Luis Agaid Jr., the head of the Namarabar Indigo Natural Dye Producers Cooperative, had just returned to Abra from an international fashion event in Cebu back in March when lockdown hit. He felt disheartened as all the exhibits that they had lined up for the foreseeable future were effectively canceled. “Halos maiyak na nga ako noong bumalik ako dito dahil yung kapital namin, naipon doon sa mga damit. Hindi ko mabenta talaga,” he recalls. “Yung mga tao dito, syempre wala silang source of income, nagdedepende lang sa mga tinatahi, ine-embroider. Kaya palagi silang pumupunta dito nung naka-lockdown kami.”
With the constant flow of people asking for help, Luis issued a challenge — get to work embroidering, and the co-op pledges support: “Magdo-donate kaming co-op ng mga ayuda, huwag kayong mag-alala.

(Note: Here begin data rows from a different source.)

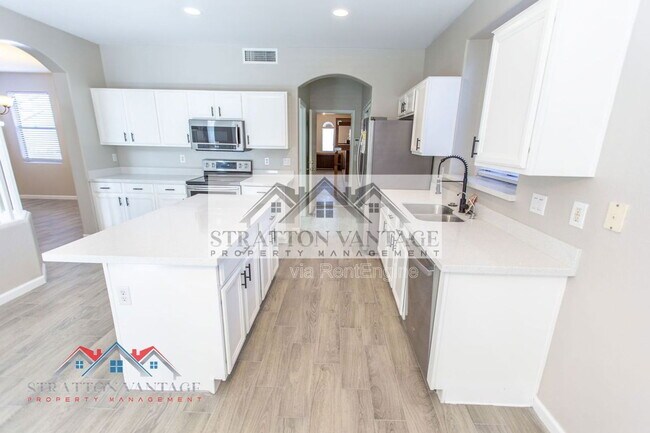 Building Photo - 16627 W McKinley St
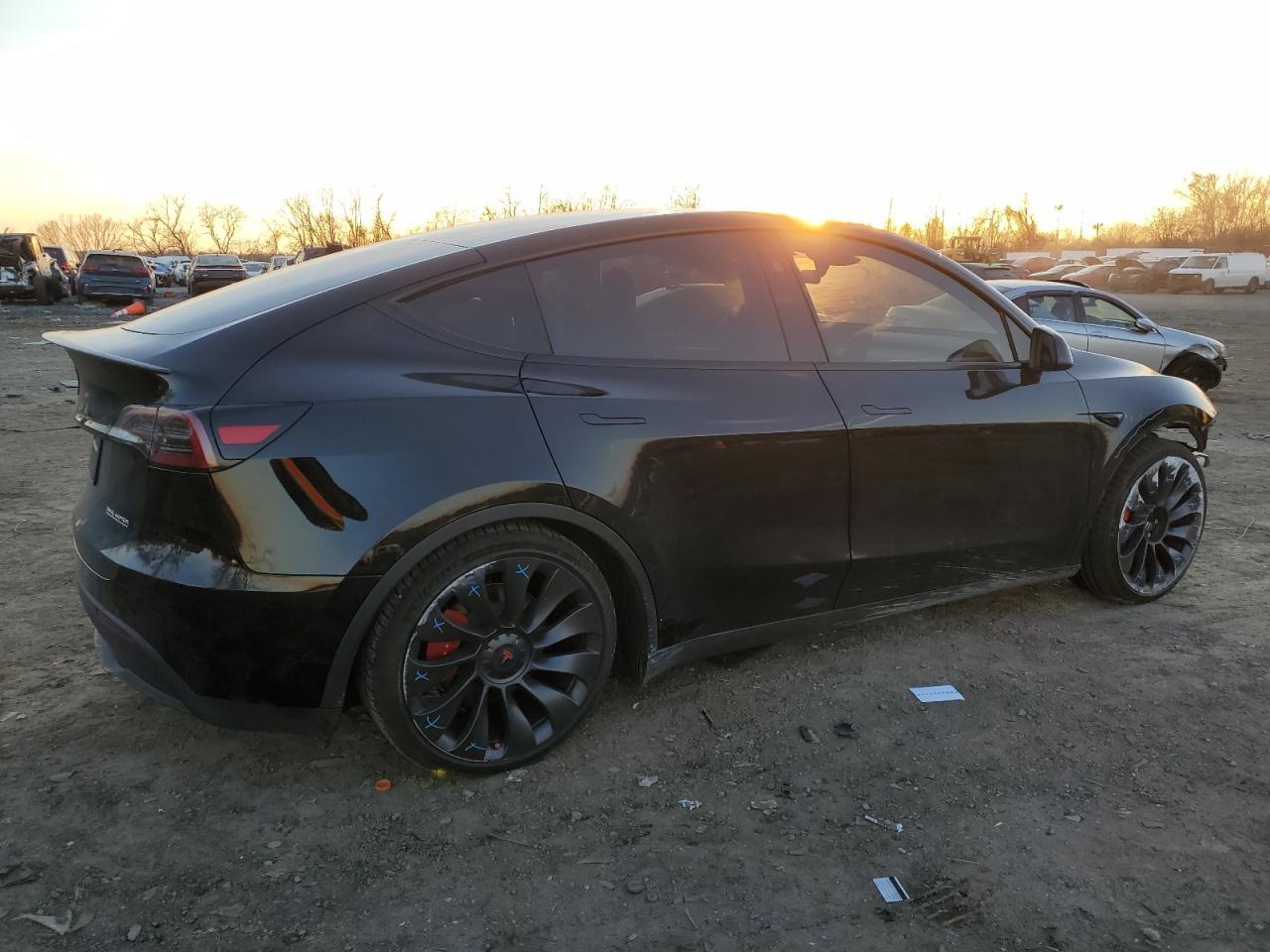 2023 TESLA MODEL Y - Фото 3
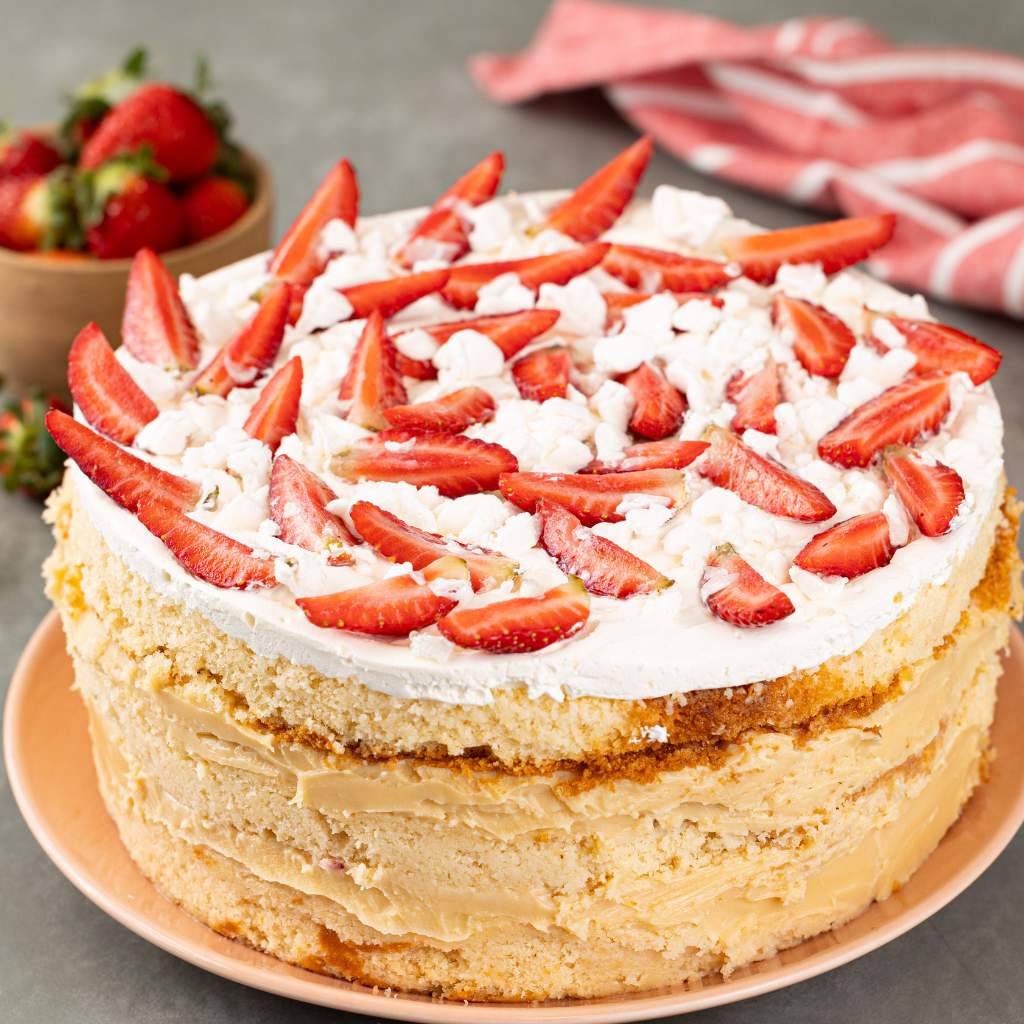 Torta de morango ao merengue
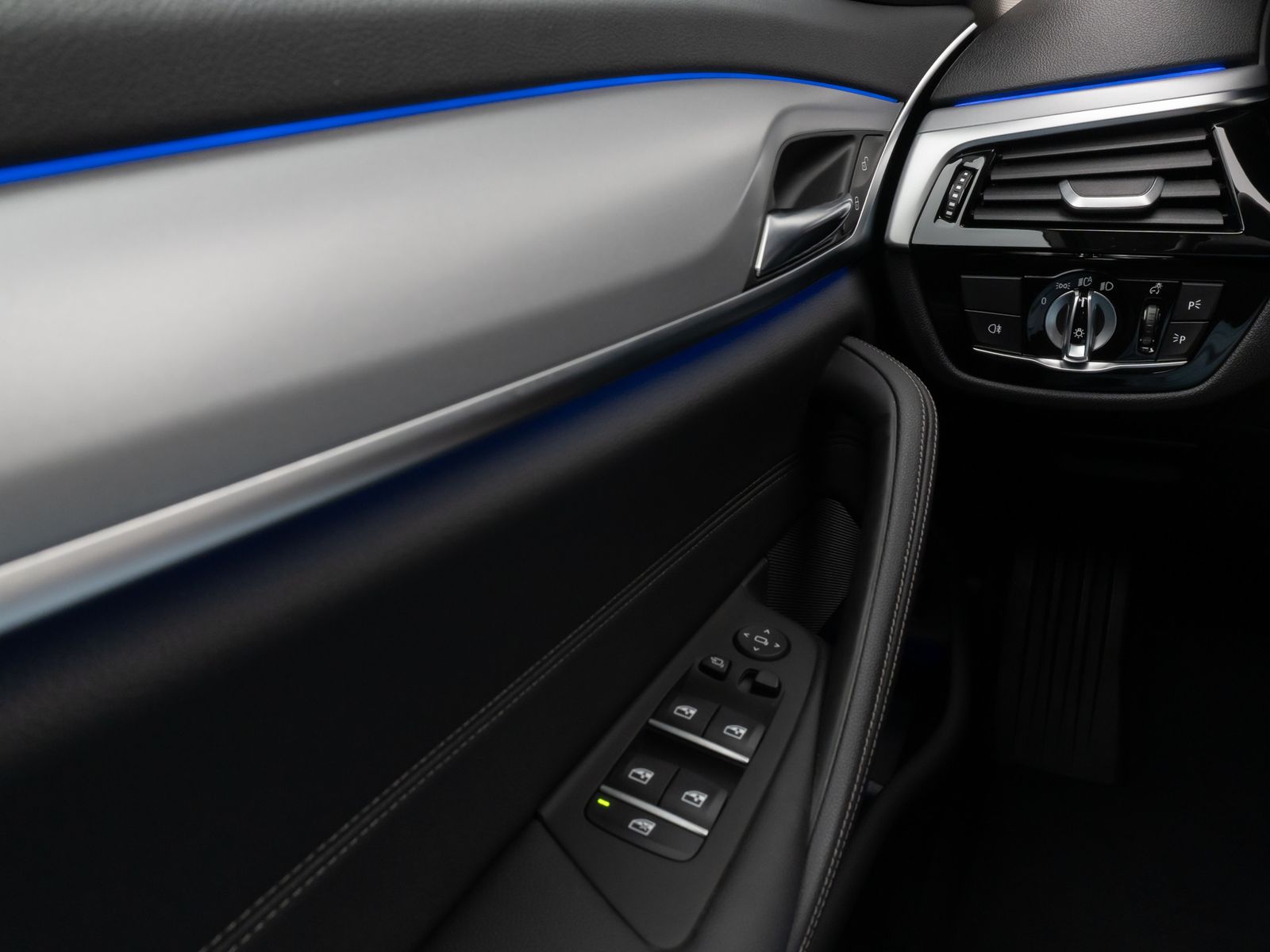 Fahrzeugabbildung BMW 520d xD Kamera HUD DAB 4xKlima Sport Leder Alarm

Kahit wala tayong pera, iisip tayo ng paraan… Turuan niyo lang yung mga kasambahay niyo mag-embroidery, bawa’t household, bibigyan namin kayo ng ayuda.”

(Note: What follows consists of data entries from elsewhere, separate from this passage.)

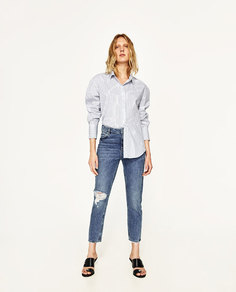 Джинсы с высокой посадкой и разрывами Zara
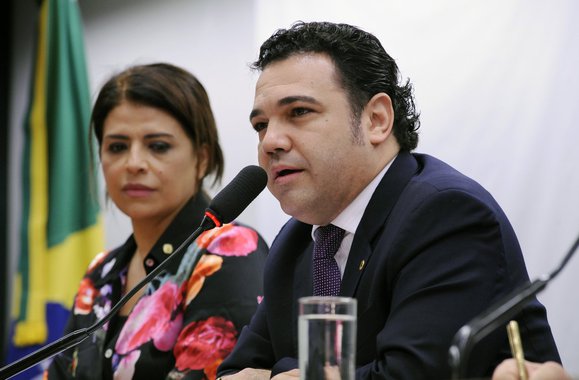 Feliciano pode renunciar à Comissão de DH na terça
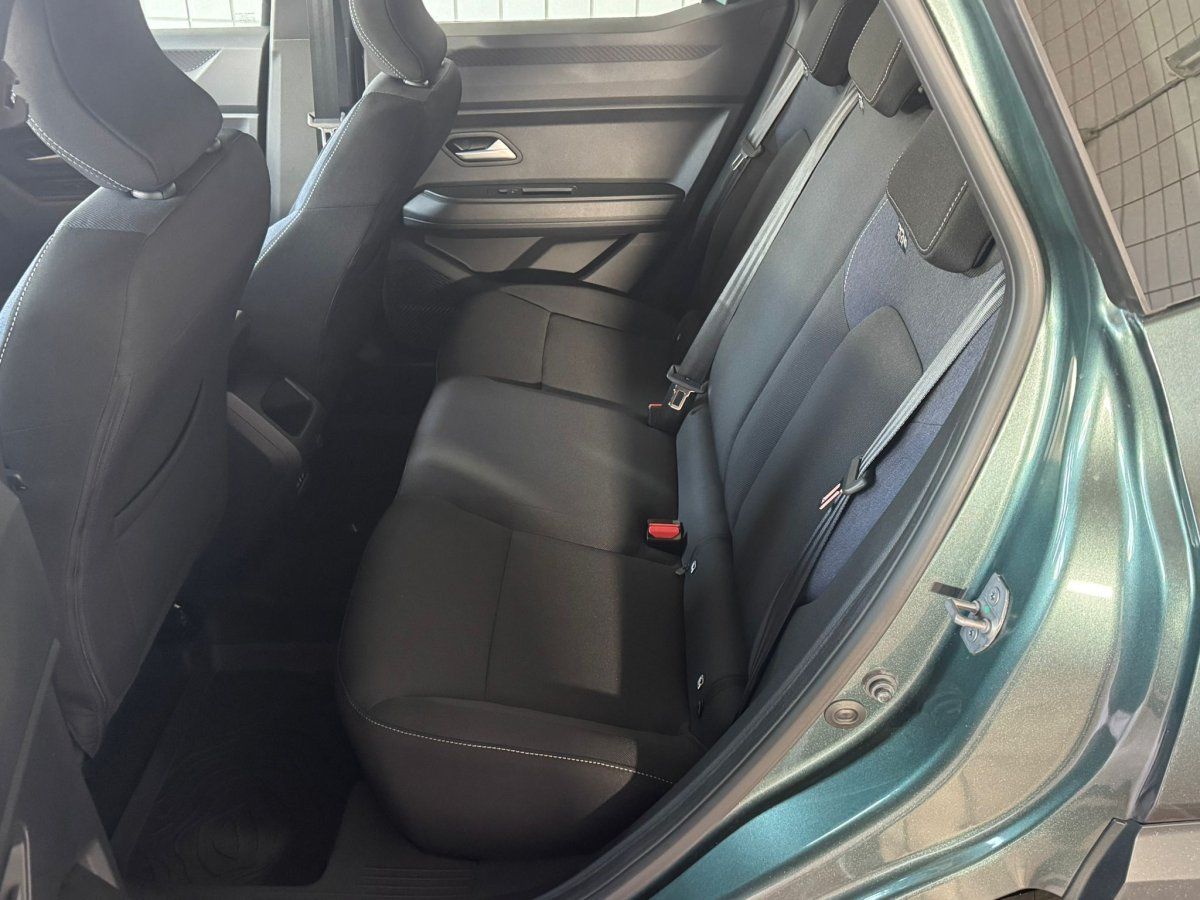 Dacia Duster - Bild 11 von 15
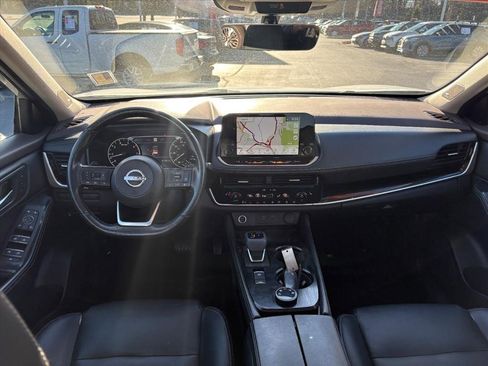 Certified 2023 Nissan Rogue SL w/ SL Premium Package image 6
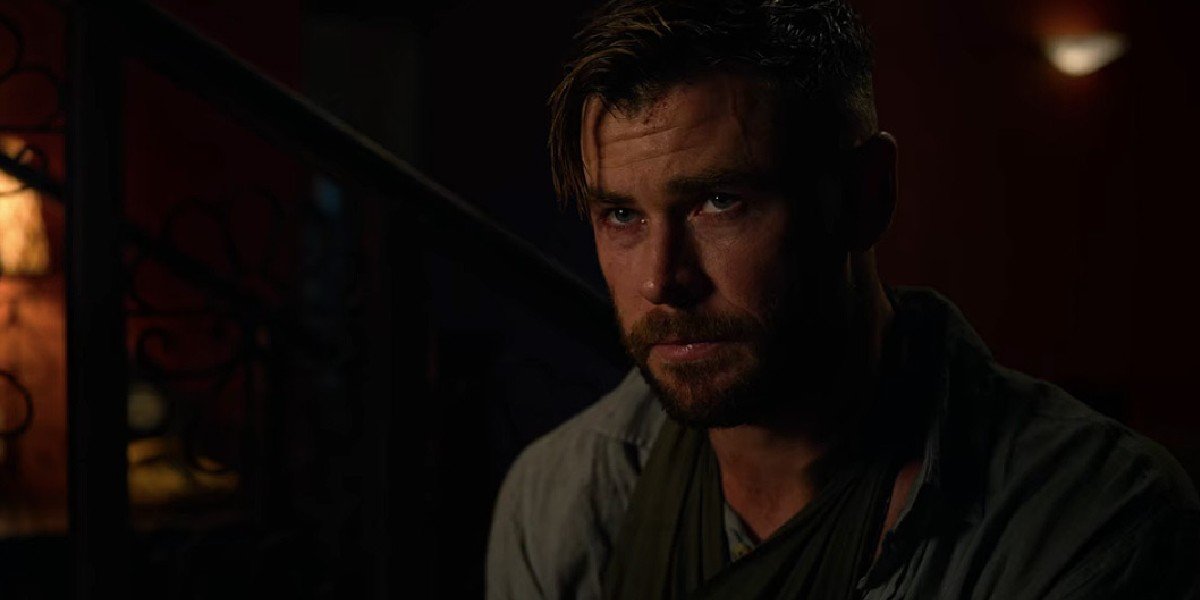 Chris Hemsworth in Extraction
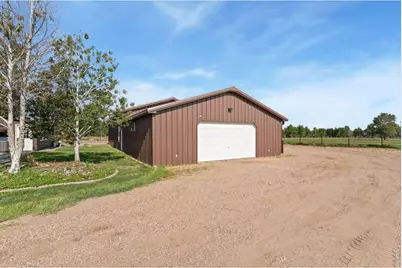 2121 E 20th St, Greeley, CO 80631 - Photo 3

Luis initially saw it as a way to get more people interested in the traditional craft but the wheels in his head kept turning and he realized that they could produce face masks. The masks started as something they could use themselves but when he posted photos on social media, his friends in the fashion industry — particularly designers in Manila and Baguio — were quick to respond. He got orders for 50 pieces and the orders just kept coming. Today, the community produces 300 face masks a day and they’re always sold out!
“Yung mask namin, dala-dala namin ‘yung traditional
art identity namin sa kanya”
“Yung mask namin, dala-dala namin ‘yung traditional art identity namin sa kanya,” Luis proudly says. The eye-catching masks come in a range of colors and showcase traditional Abra motifs. Some even have matching headbands.
Luis is very thankful that some kindhearted people have donated sewing machines to the cooperative to help the community with production. Their main problem now is sourcing for materials like garters, as the ones in their area are too expensive and aren’t optimal for making masks. They have been able to obtain some online and from generous friends, but getting much-needed supplies continues to be a struggle.
Still, the community pushes on. Luis invites everyone to support them by purchasing their face masks. “Huwag [nating] hayaang walang trabaho yung mga tao,” he says. “Hindi po iisa yung tinutulungan niyo ngayon — buong community po.”